Türkiye bu duruma yabancı ama bu yöntem tüm dünya siyasetinde etkili olan üst aklın etkin bir biçimde kullandığı kusursuz bir rıza biçimidir!

***

Recep Tayyip Erdoğan yeni Cumhurbaşkanlığı sisteminin İlk Cumhurbaşkanı oldu.

Peki şimdi ne olacak?

Başımız göğe erecek mi?

Demokrasiye inanan biri olarak ben, bu saatten sonra Sayın Cumhurbaşkanım Recep Tayyip Erdoğan’dan halka yani bizlere verdiği vaatlerin takipçisi olacağım!

Petrol’ü yanı başımızdaki ülkelerde çıkmasına rağmen elin Amerikalısı , İngilizi, Fransız’ı ve Alman’ından fazla paraya almak zoruma gidiyor!

Bize çocukluk ve öğrencilik yıllarımızda Türkiye’nin tarım ve hayvancılıkta dışa bağımlı bir ülke olmadığını öğrettiler! Bu doğru ise, 5’nci sınıf geri kalmış Dünya ülkelerinden ne idüğü belirsiz et ithalatı yapmak, saman ithalatı yapmak Türkiye’ye yakışmıyor!

Patates- Soğan ithal etme meselesine gelince Türk halkı yiğittir, bu yiğit halkımızı kuru soğana muhtaç etmemenizi rica ediyorum.

Cennet ülkemizde dört mevsimi yaşadığımız halde, tarım ve hayvancılıkta dışa bağımlı olan bir ülkenin bilim ve teknoloji de kendi kendine yetebilmesi fikrini aklım almıyor!

Savunma sanayi konusuna gelince, F-35’ler için elin Amerikalısı’nın ağzından çıkacak cümleleri takip etmeyi bir Türk vatandaşı olarak içime sindiremiyorum.

Son olarak, bundan 16 yıl önce söz verdiğiniz gibi 1 Amerikan Dolar’ının 1 Türk Lirası olacağı günleri sabırsızlıkla bekliyorum!

***

Bu arada unutmadan ben demokrasi aşığı bir gazeteciyim!

Bir gazetecinin siyasetle ve siyasetçiyle doğrudan ilişki kurup mesleğe devam etmesine kesinlikle karşıyım.

Şunun bilinmesini isterim ki; benim için aslında seçimleri kimin kazandığının pek bir önemi yok!

Yukarıda sayıp arzu ettiğim şeyleri önümüzdeki 5 yıl içerisinde Recep Tayyip Erdoğan yaptığı taktir de 2023’de oyum kendisinedir belirtmek isterim.

Not: Yarın Kayseri’deki seçim sonuçlarını değerlendireceğim.
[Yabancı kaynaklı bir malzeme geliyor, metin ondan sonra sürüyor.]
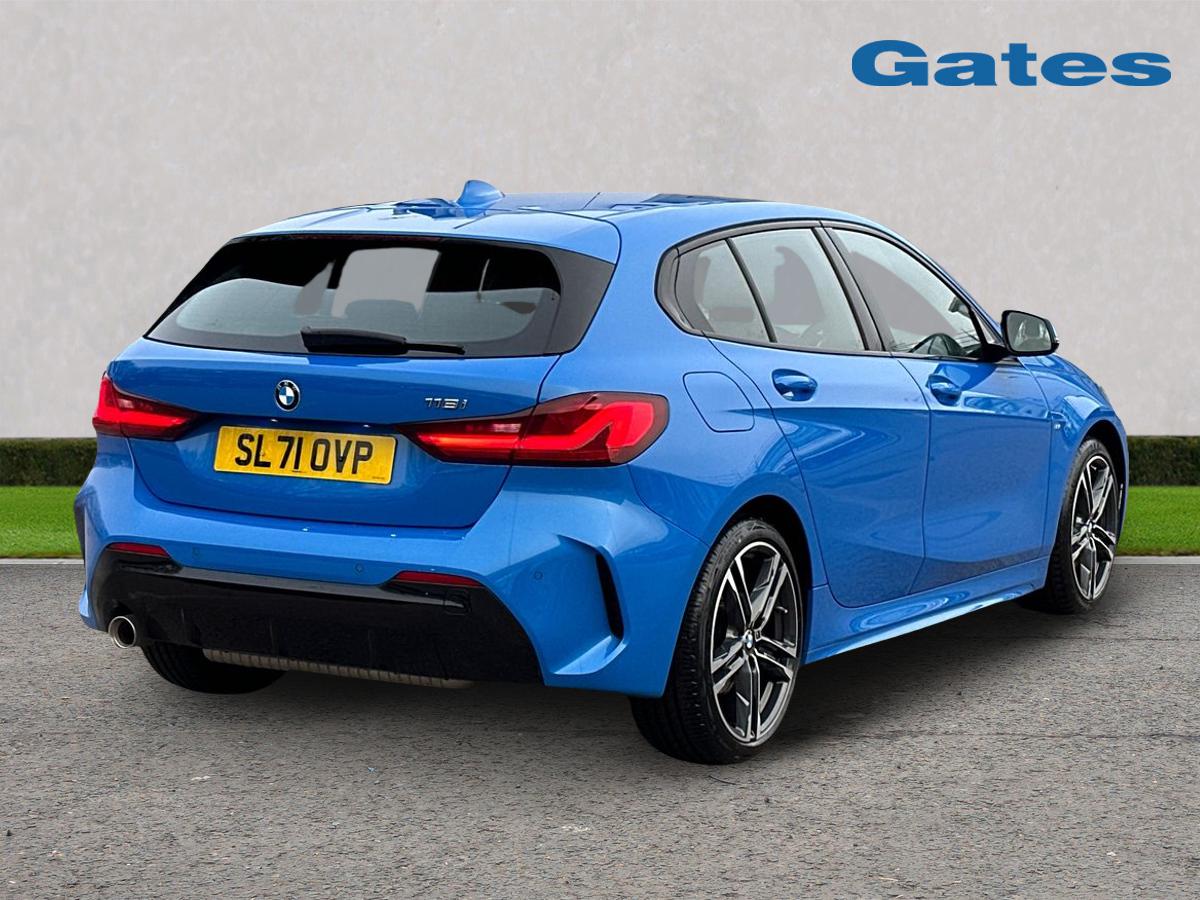 Used BMW 1 Series 2021 for sale - 78080792: Photo 7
Yaşadığım sağlık sorunlarım nedeniyle köşe yazılarımı ihmal ettiğim için siz değerleri okurlarımdan özür diliyorum. Bundan sonra elimden geldiğince, dilim döndükçe daha sık yazı yazmaya çalışacağımın sözünü vererek hepinize saygılar sunuyorum.